Tese
A possibilidade de barganha coletiva nas relações econômicas desiguais no Sistema Brasileiro de Defesa “Econômica” à luz da tese do poder compensatório
Fecha
2022-08-25Autor
Alexandre Cordeiro Macedo
Institución
Resumen
This work focuses on the thesis of countervailing power, based especially on economist John Kenneth Galbraith’s works, and examines its role in collective bargaining in unequal economic relations in the Brazilian System of Economic Defense, using various methods. Firstly, we carry out an exploratory and normative bibliographic study, building a solid conceptual framework about Economic Law, Antitrust Law and countervailing power, and we analyze the economic effect of the formation of countervailing power in different market conditions. We observe the possibility of the existence of social benefits arising from a collaboration between competitors with the objective of rebalancing the links in the production chain, mitigating the exercise of market power, reducing inequalities in commercial relations and increasing social well-being, in natural response to the concentration of the original market. Compensatory power emerges as the neutralization of one power position by another, being a different mechanism from competition and regulation by the State. Through different approaches to the analysis of the competition offense, we observe the countervailing power in North American and European experiences, comparing them with Brazilian experience.
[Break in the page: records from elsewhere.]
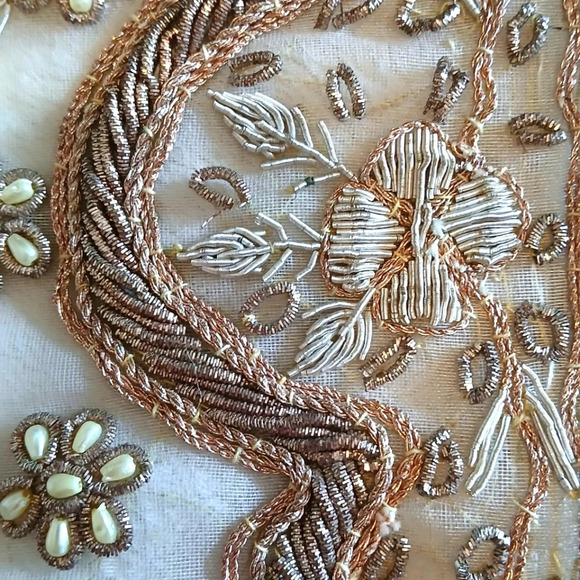 Vintage Gold Threaded Pearl Beaded Hand Sewn Table Centerpiece Tabletop Doiley - Picture 6 of 12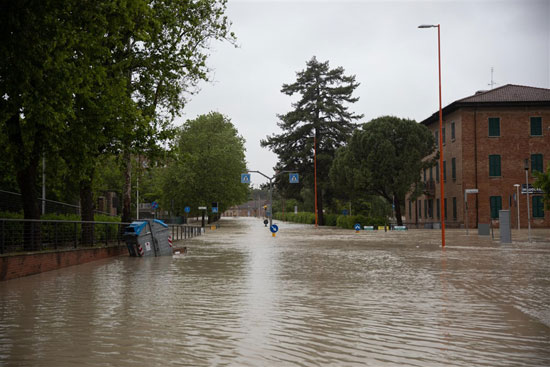 مياه الفيضانات تغرق الشوارع   (1)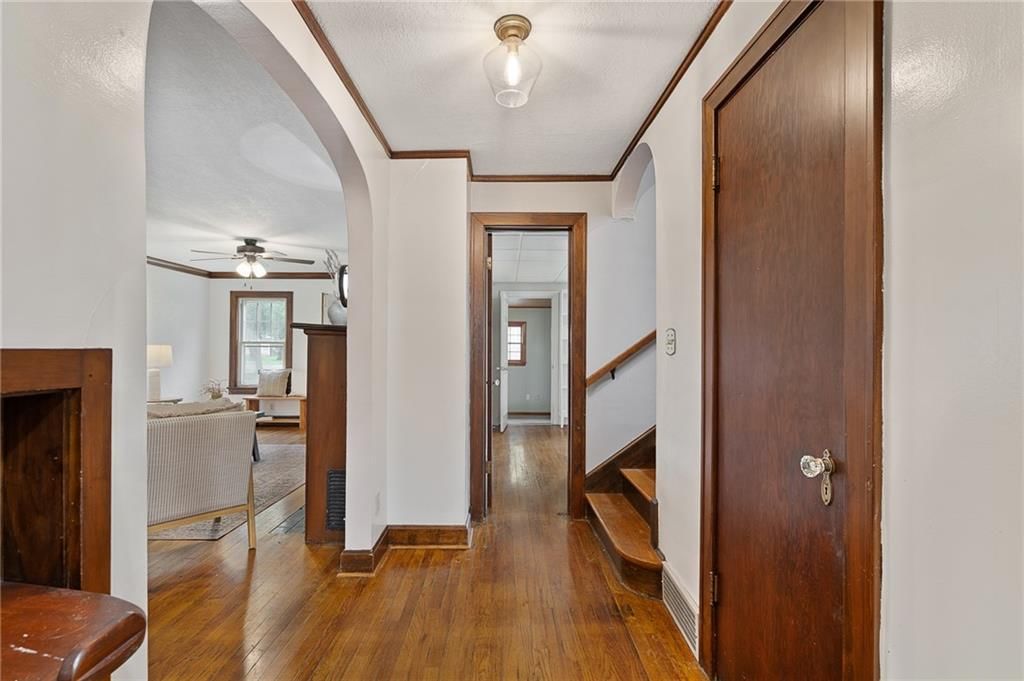 924 S Hickory Street — photo 17
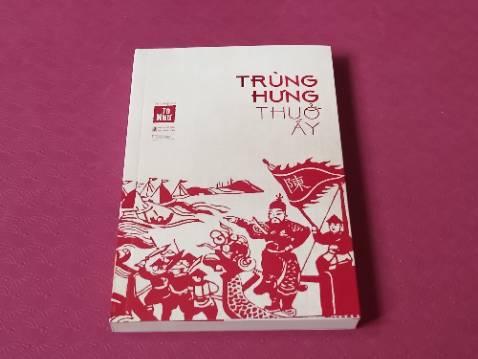Đánh giá này không nhằm vào nội dung sách. Sách Tao Đàn phát hành, in ấn đẹp, giấy đẹp. Tiki bọc gói sách cẩn thận, giao hàng nhanh. Bị cấn bìa và nhăn giấy ở góc cạnh trên do lỗi khi đóng gáy sách.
Then, we focus our investigation on the Brazilian scenario, through the analysis of the jurisprudence of the Administrative Council for Economic Defense, through selection and analysis of relevant cases. We do this by examining both cases of general themes and focusing on the theme of the supplementary health
market, due to its peculiarities and the characteristic asymmetry of power existing between the economic agents involved. We then proceed to analyze the effectiveness of antitrust intervention in cases of collective bargaining in the Australian normative and jurisprudential contexts, given the maturity and bold model adopted by the Australian Competition & Consumer Commission. Finally, we present the proposal to introduce notification – one of the procedures adopted by the Australian authority – to the Brazilian system, due to its limited subjective scope and its potential to allow coordination between competitors to carry out collective bargains that, based on in the countervailing power thesis, have a positive net effect on competition.